● ASSIGNMENT
The data below should be transcribed in full, with no picture included.

● DATA SECTION

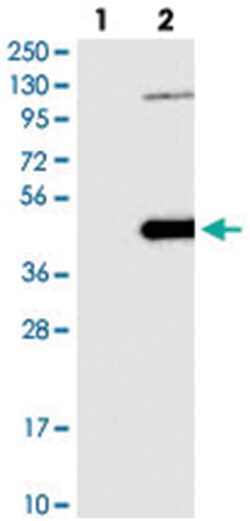 NSUN3, Rabbit, Polyclonal Antibody, Abnova 100&mu;L; Unlabeled:Antibodies,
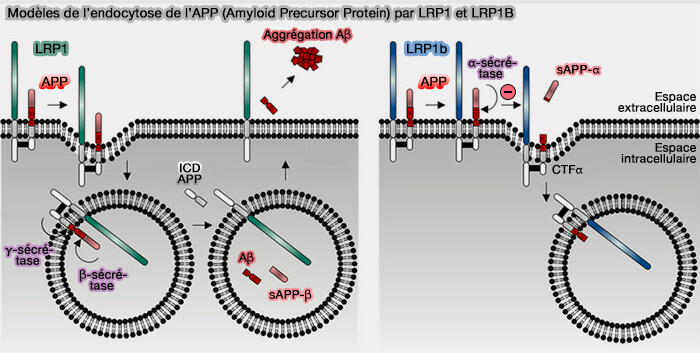 Modèles de l’endocytose de l’APP (Amyloid Precursor Protein) par LRP1 et LRP1B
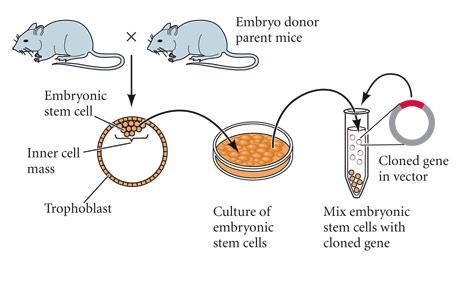 2- embryonic stem cell-mediated gene transfer During development, there is a stage (the blastocyst) when only two cell types are present: 1-the outer trophoblast cells, which will form the fetal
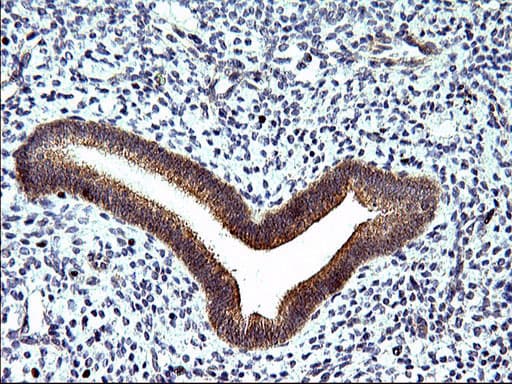 SPHK / SPHK1 Antibody (clone OTI1A6, Carrier-free)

● SOLUTION BELOW
 NSUN3, Rabbit, Polyclonal Antibody, Abnova 100&mu;L; Unlabeled:Antibodies,
 Modèles de l’endocytose de l’APP (Amyloid Precursor Protein) par LRP1 et LRP1B
 2- embryonic stem cell-mediated gene transfer During development, there is a stage (the blastocyst) when only two cell types are present: 1-the outer trophoblast cells, which will form the fetal
 SPHK / SPHK1 Antibody (clone OTI1A6, Carrier-free)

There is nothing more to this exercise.